# The task:
Every line below from the one with "Modern LED Pendant" through the one with "Femme lisant dans" is to be repeated exactly, with no picture among them.

# Available records:
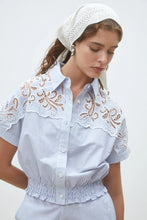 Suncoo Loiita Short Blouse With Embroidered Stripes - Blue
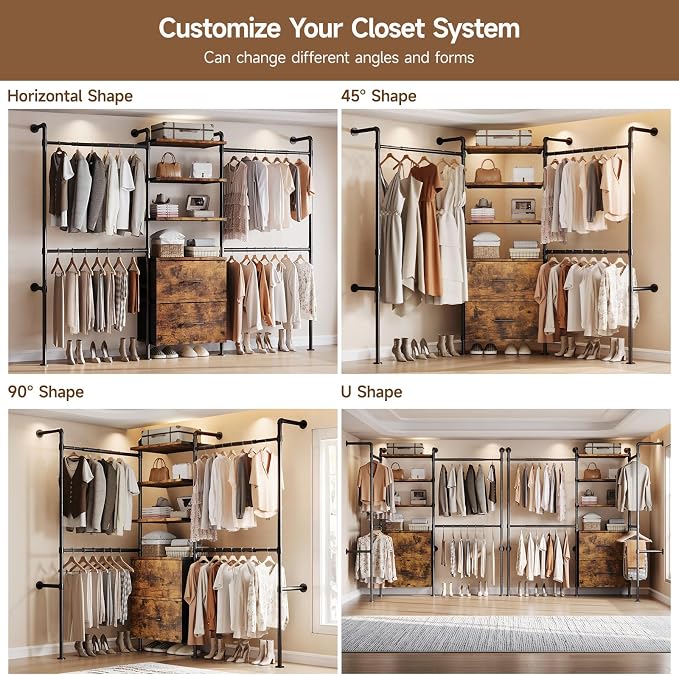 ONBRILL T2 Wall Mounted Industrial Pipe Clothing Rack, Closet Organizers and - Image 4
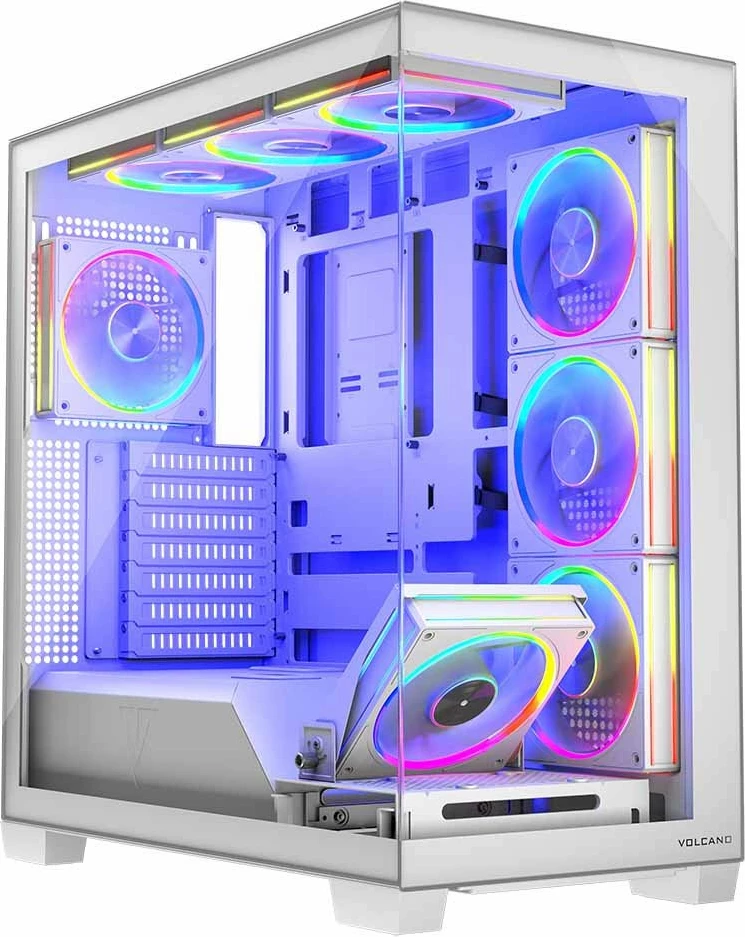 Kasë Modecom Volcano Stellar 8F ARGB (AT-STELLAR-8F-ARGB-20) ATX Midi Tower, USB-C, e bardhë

* * *

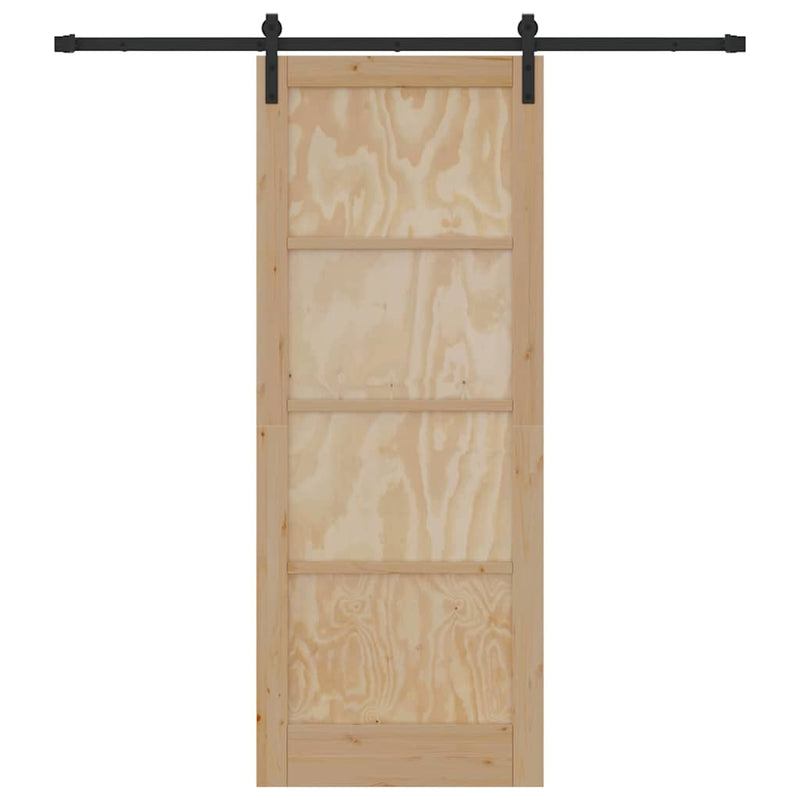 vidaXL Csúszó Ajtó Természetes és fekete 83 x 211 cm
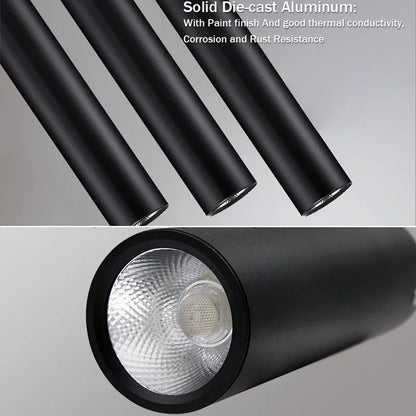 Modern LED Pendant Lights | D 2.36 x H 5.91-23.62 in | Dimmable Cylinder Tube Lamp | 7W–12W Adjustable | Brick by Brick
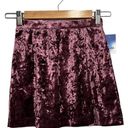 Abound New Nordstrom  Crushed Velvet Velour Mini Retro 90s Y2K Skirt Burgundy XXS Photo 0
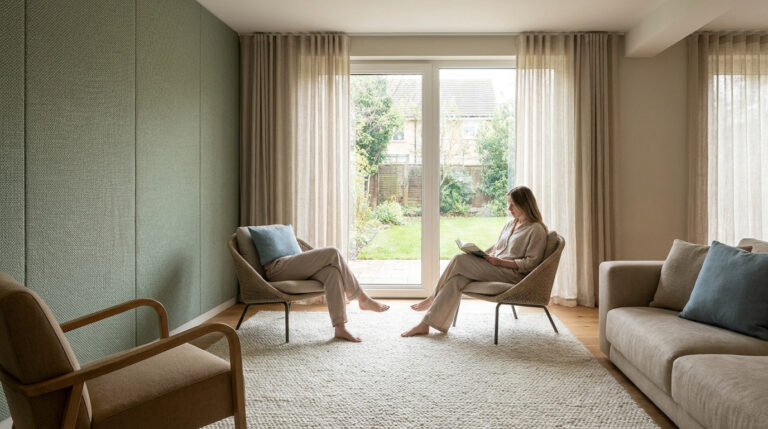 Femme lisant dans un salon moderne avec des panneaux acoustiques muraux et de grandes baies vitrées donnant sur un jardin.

# Response below:
 Modern LED Pendant Lights | D 2.36 x H 5.91-23.62 in | Dimmable Cylinder Tube Lamp | 7W–12W Adjustable | Brick by Brick
 Abound New Nordstrom  Crushed Velvet Velour Mini Retro 90s Y2K Skirt Burgundy XXS Photo 0
 Femme lisant dans un salon moderne avec des panneaux acoustiques muraux et de grandes baies vitrées donnant sur un jardin.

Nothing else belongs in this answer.